Okay now the interesting part about hellebores is they don't always come true to color, so the key is you have to plant your colors and isolate those separately in the garden to be able to maintain those colors. So, a lot of what we do is experimenting. We will isolate some and then we will bloom those, which is now these are two-year-old plants they're in flower and we track to see if they're coming true from color; if not, we know that we've got them too close to another color.

So, here's what we would expect: this is our number 225 in the garden. We know that the parent has a white flower with a dark center and if we look through our two-year-old seedlings we will see there's a plant with white flowers with dark centers exactly what we expected, but in looking through, we're not getting a very high percentage, we're getting some. We also get some here, that went back to the parent. This is a very nice red violet so that's got a very large flower and what we like is it up-facing. Normally hellebores are down-facing so we're always putting in our breeding strains the ones that have up-facing or out-facing flowers so that one will get saved to become a seed parent for the future years.

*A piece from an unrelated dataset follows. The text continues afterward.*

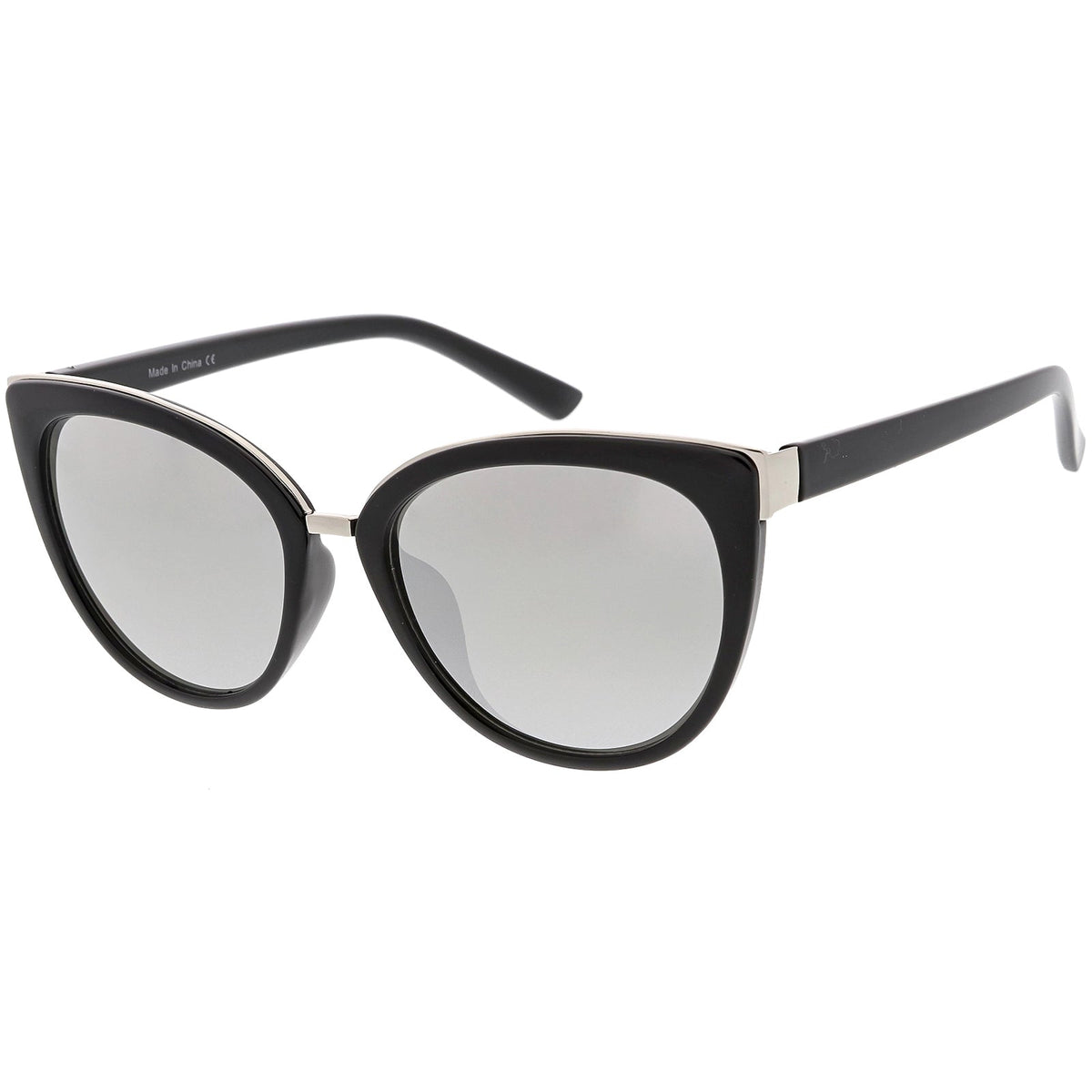 Women's Retro 1950's Oversize Thin Cat Eye Sunglasses C840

Okay then we have some that just don't make the cut. Now here’s an example: this one is a sort of a violet and it's got some spots in it, but it doesn't match our quality that we want. So, this will actually get discarded so these will not be sold off. These will be put in our compost pile. Then we have things that are really ugly, and this is just when you have and are combining genes, you’re going to get a fair amount of what we call discards. 

Image of a hellebore that just did not make the cut

Nice coloration, but this hellebore doesn't quiet meet our standards and will be discarded

We're very particular about what we allowed to be sold in our color strains So the first one will be sold is our white with splotch color strain, the other will be sold as a red violet, these will be discards. So, for each group of seedlings we have we go through these. We go through about twice a week in the wintertime, selecting the colors and separating those and that way when we offer these for sale by colors, we've actually hand gone through each one to make sure the color conforms to what we say it is.

Now some hellebore breeders actually make hand crosses. We allow the bees to do ours here at the nursery, but these are actually made by hand and therefore the breeders can assure that these are going to come almost 100 percent true from color. This is one called ‘Painted Doubles’. And this one, we don't even need to flower these before we sell it because we know they're going to be a hundred percent consistent and that's what we monitor. We always keep a few from last year so that we can monitor the fact that they are a hundred percent consistent as we say.